Hier finden Sie wissenschaftliche Publikationen aus den Fraunhofer-Instituten.

Spontaneous white matter damage, cognitive decline and neuroinflammation in middle-aged hypertensive rats: An animal model of early-stage cerebral small vessel disease

: Kaiser, Daniel; Weise, Gesa; Möller, Karoline; Scheibe, Johanna; Pösel, Claudia; Baasch, Sebastian; Gawlitza, Matthias; Lobsien, Donald; Diederich, Kai; Minnerup, Jens; Kranz, Alexander; Boltze, Johannes; Wagner, Daniel-Christoph

Fulltext (PDF; )

Acta Neuropathologica Communications 2 (2014), No.12, Art. 169, 15 pp.
ISSN: 2051-5960
Journal Article, Electronic Publication
Fraunhofer IZI ()
cerebral small vessel disease; white matter disease; spontaneously hypertensive rats; Neuroinflammation; T cells

Cerebral small vessel disease (cSVD) is one of the most prevalent neurological disorders. The progressive remodeling of brain microvessels due to arterial hypertension or other vascular risk factors causes subtle, but constant cognitive decline through to manifest dementia and substantially increases the risk for stroke. Preliminary evidence suggests the contribution of the immune system to disease initiation and progression, but a more detailed understanding is impaired by the unavailability of appropriate animal models.
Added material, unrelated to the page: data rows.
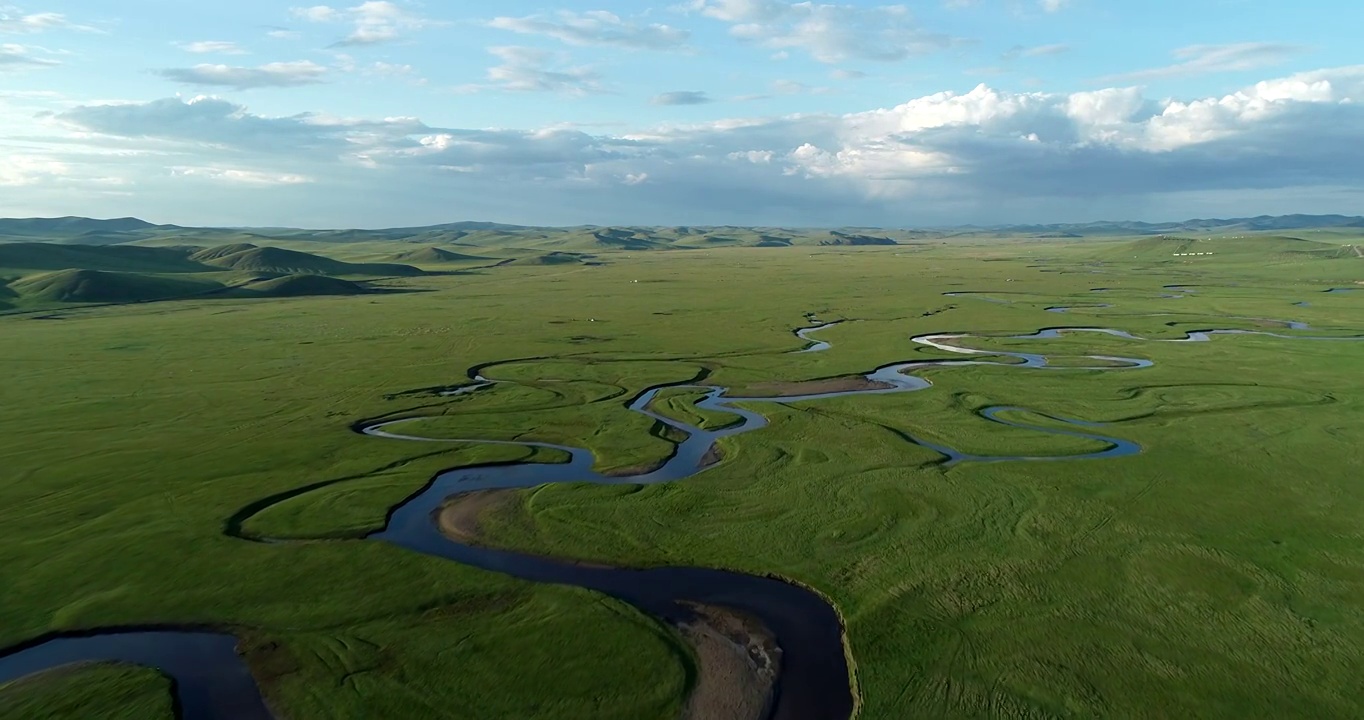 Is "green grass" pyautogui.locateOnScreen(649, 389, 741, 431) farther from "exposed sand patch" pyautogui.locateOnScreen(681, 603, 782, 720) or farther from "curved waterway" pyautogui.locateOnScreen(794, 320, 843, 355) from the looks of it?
"exposed sand patch" pyautogui.locateOnScreen(681, 603, 782, 720)

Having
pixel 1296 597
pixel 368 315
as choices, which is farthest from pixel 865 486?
pixel 368 315

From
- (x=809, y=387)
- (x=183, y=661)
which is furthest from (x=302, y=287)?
(x=183, y=661)

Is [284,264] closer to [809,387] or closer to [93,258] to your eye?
[93,258]

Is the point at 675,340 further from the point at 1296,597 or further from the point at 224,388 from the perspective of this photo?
the point at 1296,597

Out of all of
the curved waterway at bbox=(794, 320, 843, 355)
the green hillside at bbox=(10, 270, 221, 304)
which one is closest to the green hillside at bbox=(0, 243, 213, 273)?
the green hillside at bbox=(10, 270, 221, 304)

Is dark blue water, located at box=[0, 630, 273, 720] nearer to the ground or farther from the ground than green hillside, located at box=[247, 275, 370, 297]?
nearer to the ground

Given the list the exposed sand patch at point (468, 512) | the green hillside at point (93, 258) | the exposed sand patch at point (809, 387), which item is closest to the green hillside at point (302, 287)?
the green hillside at point (93, 258) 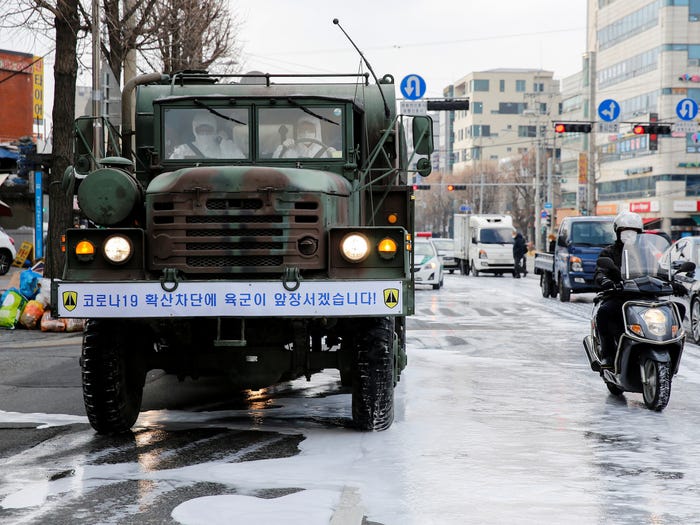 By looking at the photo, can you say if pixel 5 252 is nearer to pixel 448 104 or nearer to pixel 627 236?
pixel 448 104

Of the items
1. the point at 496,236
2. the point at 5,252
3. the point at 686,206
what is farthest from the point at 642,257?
the point at 686,206

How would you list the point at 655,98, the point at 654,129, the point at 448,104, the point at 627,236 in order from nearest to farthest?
the point at 627,236
the point at 448,104
the point at 654,129
the point at 655,98

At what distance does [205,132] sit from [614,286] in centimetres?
398

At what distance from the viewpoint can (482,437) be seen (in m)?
8.92

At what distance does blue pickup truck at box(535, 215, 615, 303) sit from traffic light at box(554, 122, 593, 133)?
1008cm

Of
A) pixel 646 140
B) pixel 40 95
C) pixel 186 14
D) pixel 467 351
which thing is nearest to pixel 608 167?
pixel 646 140

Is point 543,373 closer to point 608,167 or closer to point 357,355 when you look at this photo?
point 357,355

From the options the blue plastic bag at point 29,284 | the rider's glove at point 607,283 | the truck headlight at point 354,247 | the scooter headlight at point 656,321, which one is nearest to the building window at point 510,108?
the blue plastic bag at point 29,284

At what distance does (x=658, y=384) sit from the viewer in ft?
33.6

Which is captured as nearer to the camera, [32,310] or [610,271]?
[610,271]

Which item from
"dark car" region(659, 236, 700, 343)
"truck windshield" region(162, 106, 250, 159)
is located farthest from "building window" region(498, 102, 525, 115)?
"truck windshield" region(162, 106, 250, 159)

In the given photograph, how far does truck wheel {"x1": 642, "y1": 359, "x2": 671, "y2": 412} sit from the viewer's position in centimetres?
1023

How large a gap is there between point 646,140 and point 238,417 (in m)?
79.8

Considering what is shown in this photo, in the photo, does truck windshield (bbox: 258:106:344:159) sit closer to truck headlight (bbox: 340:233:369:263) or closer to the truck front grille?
the truck front grille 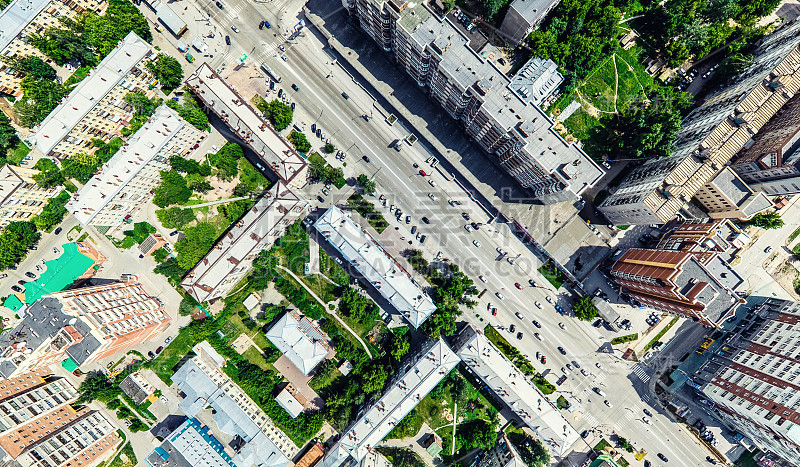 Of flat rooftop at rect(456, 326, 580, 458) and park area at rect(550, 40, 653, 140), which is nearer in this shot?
flat rooftop at rect(456, 326, 580, 458)

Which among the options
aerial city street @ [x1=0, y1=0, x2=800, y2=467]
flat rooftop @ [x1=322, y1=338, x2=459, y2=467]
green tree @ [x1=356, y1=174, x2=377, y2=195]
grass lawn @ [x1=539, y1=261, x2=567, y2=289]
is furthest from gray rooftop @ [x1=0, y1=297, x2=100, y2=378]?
grass lawn @ [x1=539, y1=261, x2=567, y2=289]

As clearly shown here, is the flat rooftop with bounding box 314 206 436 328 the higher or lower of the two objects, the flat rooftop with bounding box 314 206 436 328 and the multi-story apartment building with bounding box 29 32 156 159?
the lower

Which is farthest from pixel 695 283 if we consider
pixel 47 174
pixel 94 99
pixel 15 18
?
pixel 15 18

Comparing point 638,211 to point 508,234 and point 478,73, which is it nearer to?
point 508,234

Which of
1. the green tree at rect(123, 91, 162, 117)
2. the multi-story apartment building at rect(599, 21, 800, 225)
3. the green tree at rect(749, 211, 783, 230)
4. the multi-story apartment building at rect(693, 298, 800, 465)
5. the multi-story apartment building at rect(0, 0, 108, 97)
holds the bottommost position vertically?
the multi-story apartment building at rect(693, 298, 800, 465)

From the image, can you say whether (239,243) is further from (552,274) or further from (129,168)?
(552,274)

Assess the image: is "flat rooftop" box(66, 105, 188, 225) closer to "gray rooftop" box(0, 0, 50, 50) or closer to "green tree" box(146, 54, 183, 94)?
"green tree" box(146, 54, 183, 94) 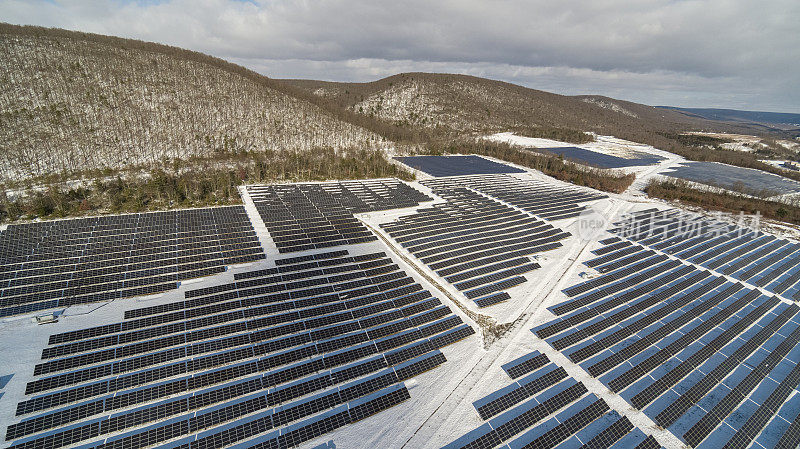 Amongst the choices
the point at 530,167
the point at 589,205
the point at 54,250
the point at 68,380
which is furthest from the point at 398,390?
the point at 530,167

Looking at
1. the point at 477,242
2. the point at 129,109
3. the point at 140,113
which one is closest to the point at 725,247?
the point at 477,242

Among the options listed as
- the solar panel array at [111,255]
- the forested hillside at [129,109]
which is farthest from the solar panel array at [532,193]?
the forested hillside at [129,109]

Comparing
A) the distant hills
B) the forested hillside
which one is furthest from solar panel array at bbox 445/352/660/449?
the forested hillside

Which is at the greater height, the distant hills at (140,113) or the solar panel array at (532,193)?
the distant hills at (140,113)

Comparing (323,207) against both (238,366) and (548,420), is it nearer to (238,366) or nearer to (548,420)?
(238,366)

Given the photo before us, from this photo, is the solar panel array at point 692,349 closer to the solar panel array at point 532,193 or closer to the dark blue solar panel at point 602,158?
the solar panel array at point 532,193

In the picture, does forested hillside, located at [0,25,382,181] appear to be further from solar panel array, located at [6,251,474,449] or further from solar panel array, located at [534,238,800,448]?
solar panel array, located at [534,238,800,448]
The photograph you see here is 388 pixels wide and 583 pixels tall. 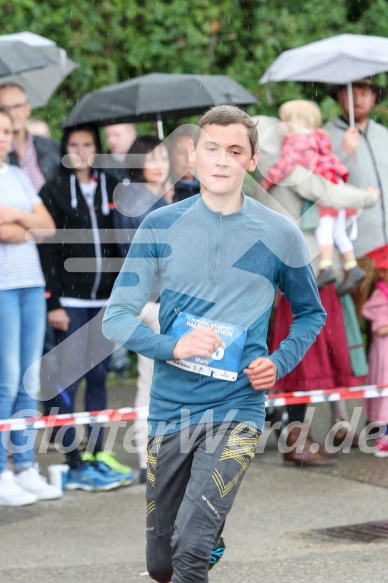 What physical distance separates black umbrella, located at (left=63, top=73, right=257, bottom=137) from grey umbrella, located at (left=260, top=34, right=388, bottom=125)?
568 millimetres

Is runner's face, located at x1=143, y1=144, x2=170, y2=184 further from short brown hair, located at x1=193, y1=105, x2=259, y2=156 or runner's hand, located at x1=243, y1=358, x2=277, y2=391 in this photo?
runner's hand, located at x1=243, y1=358, x2=277, y2=391

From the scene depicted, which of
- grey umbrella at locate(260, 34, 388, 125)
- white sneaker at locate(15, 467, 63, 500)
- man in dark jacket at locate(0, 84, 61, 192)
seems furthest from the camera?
grey umbrella at locate(260, 34, 388, 125)

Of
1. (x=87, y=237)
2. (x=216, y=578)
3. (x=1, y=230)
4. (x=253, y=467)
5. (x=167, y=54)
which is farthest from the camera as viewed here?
(x=167, y=54)

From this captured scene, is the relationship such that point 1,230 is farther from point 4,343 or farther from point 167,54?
point 167,54

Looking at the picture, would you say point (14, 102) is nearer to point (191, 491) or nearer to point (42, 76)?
point (42, 76)

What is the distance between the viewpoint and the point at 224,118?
439 cm

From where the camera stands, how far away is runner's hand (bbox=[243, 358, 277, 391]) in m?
4.25

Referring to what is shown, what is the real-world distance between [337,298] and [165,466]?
3572 mm

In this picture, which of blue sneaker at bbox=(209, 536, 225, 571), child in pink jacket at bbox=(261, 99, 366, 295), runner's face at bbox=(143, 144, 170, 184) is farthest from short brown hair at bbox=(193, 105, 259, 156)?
child in pink jacket at bbox=(261, 99, 366, 295)

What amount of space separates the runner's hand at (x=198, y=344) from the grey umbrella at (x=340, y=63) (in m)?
4.51

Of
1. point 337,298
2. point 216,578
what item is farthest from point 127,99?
point 216,578

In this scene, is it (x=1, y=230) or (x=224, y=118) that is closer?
(x=224, y=118)

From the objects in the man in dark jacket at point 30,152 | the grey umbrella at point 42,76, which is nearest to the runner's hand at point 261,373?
the man in dark jacket at point 30,152

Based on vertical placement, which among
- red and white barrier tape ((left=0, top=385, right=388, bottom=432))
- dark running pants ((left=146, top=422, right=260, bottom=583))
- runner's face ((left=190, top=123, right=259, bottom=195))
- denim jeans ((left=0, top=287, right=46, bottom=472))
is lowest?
red and white barrier tape ((left=0, top=385, right=388, bottom=432))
Here, we introduce the spontaneously hypertensive rat (SHR) as a model for early onset cSVD and unveiled substantial immune changes in conjunction with brain abnormalities that resemble clinical findings.
In contrast to age-matched normotensive Wistar Kyoto (WKY) rats, male SHR exhibited non-spatial memory deficits. Magnetic resonance imaging showed brain atrophy and a reduction of white matter volumes in SHR. Histological analyses confirmed white matter demyelination and unveiled a circumscribed blood brain barrier dysfunction in conjunction with micro- and macrogliosis in deep cortical regions. Flow cytometry and histological analyses further revealed substantial disparities in cerebral CD45high leukocyte counts and distribution patterns between SHR and WKY. SHR showed lower counts of T cells in the choroid plexus and meningeal spaces as well as decreased interleukin-10 levels in the cerebrospinal fluid. On the other hand, both T and NK cells were significantly augmented in the SHR brain microvasculature.
Our results indicate that SHR share behavioral and neuropathological characteristics with human cSVD patients and further undergird the relevance of immune responses for the initiation and progression of cSVD.